Dr Jennifer Presser considers herself fortunate to be able to perform several roles that combine her skills and interests.
Dr Presser works one day a week as a GP at Headspace, which is a youth mental health service. She is the full-time Academic Lead for the University of Tasmania’s Bachelor of Medicine and Bachelor of Surgery (MBBS) medical program.
‘I also serve as the chair of the Royal Australian College of General Practitioners’ (RACGP) Tasmanian branch. This provides a link between the medical school and senior GP specialist training, and it allows us to have a political voice into our health system to support changes to improve the health of the Tasmanian community,’ says Dr Presser.
‘I was drawn to the role at Headspace as I’ve always being interested in mental health. Mental health can be a challenging area at the moment. I am keen to improve the wellbeing of Tasmanian young people, through working directly with people as their doctor, and by contributing to changes in health service delivery and helping to support the wellbeing of the talented and inspiring young people who will be the future doctors of Tasmania.
Dr Presser enjoys the team-based environment in her team at Headspace and with her academic, research and teaching team at University of Tasmania.
‘We are a smaller state, but the wonderful advantage of that is there are connections between everyone at the University, the Tasmanian health service and with the community.
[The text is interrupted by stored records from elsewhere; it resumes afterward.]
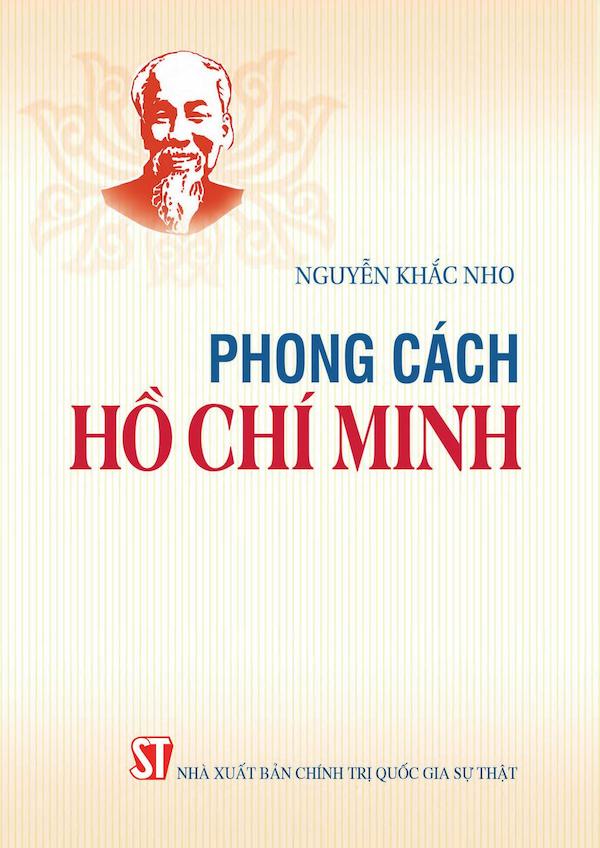 Phong Cách Hồ Chí Minh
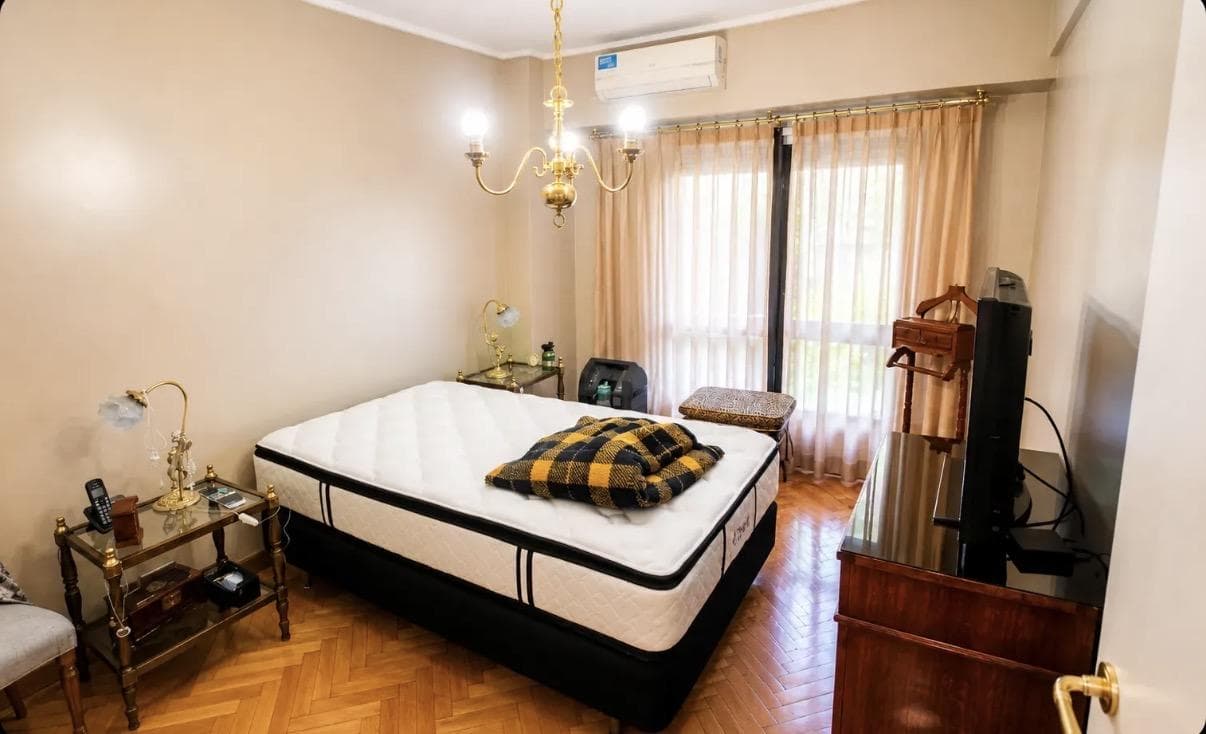 Departamento 4 ambientes en Recoleta - foto 6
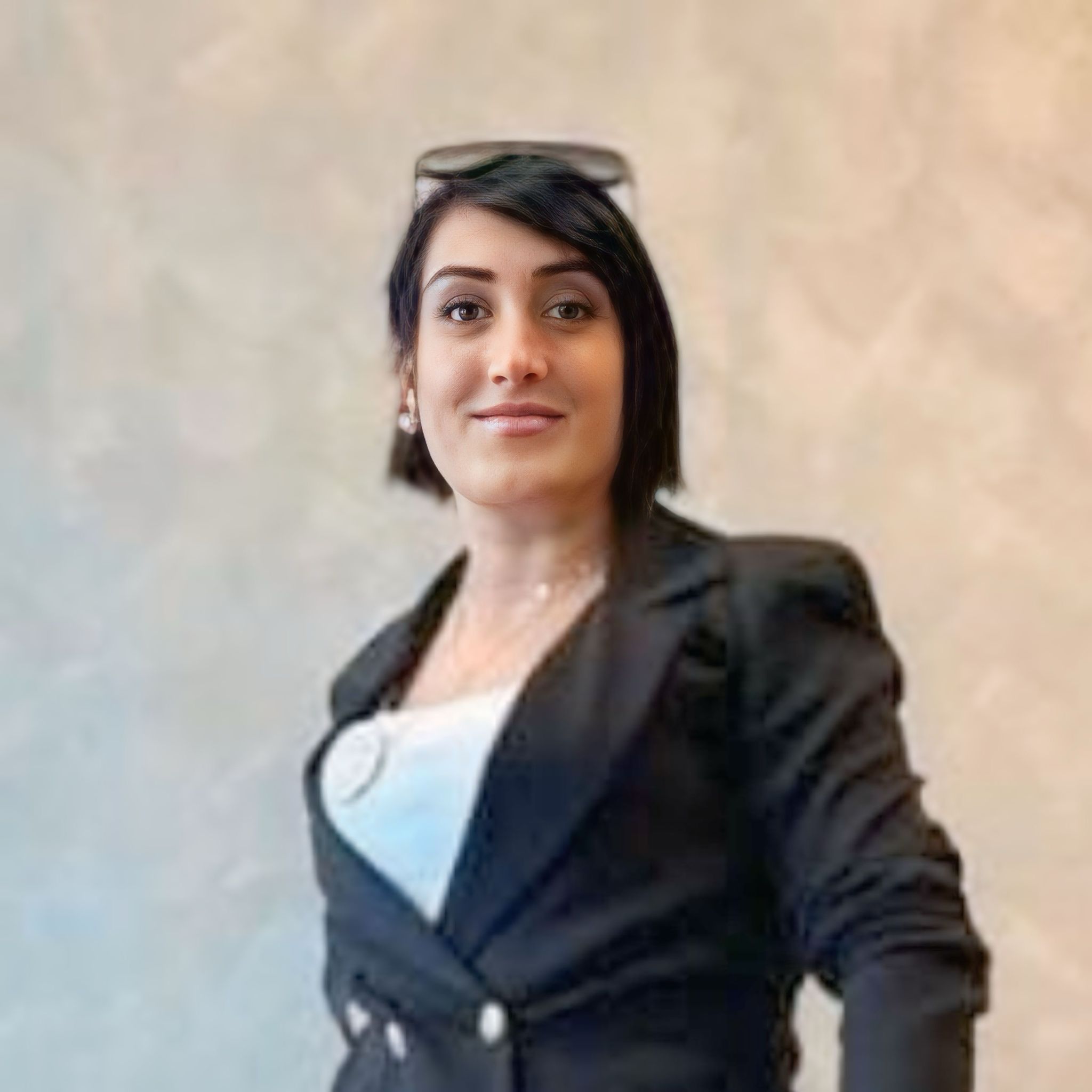 Merve ŞAHİN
Our medical program extends across the whole of Tasmania and has a strong emphasis on rural health. We have an amazing group of committed teaching staff – skilled scientists, practising doctors and expert support staff – who work closely together to provide a hands-on student experience with unique Tasmanian opportunities and where students are valued members of our medical community.’
Dr Presser’s background working in rural and remote health and with Indigenous people in the Northern Territory, North Queensland and Tasmania has given her an understanding of how important it is for rural health careers to be supported and for Aboriginal and Torres Strait Islander people to have careers as health professionals.
‘Twenty five per cent of medical students at the University of Tasmania are from rural backgrounds, and we are part of the rural training pipeline that is supported by the new rural health training hub in Burnie. We have dedicated Aboriginal support staff, including Aboriginal doctors in our teaching team. Three per cent of the Australian population are Aboriginal or Torres Strait Islander and they are under-represented in the medical workforce. We need to have at least 3 per cent Aboriginal and Torres Strait Islander doctors in the medical profession in Australia. We’ve achieved this with medical student numbers in the early years of our course.’
Dr Presser moved into the field of medicine after qualifying as a science researcher.
‘I decided that I wanted to continue to learn, to teach, to research and to be a doctor. My medical degree has allowed me to do all three of these things. Our medical school is distinctive as it is co-located with Menzies Research Institute Tasmania, Wicking Dementia Research Centre, Clifford Craig Medical Research Trust and our academic teaching staff are active medical researchers. It’s immensely satisfying to have day-to-day interactions with people and to help them as a GP, contribute to quality improvements in health systems, and to work with the students who will go on to be leaders in the medical profession.’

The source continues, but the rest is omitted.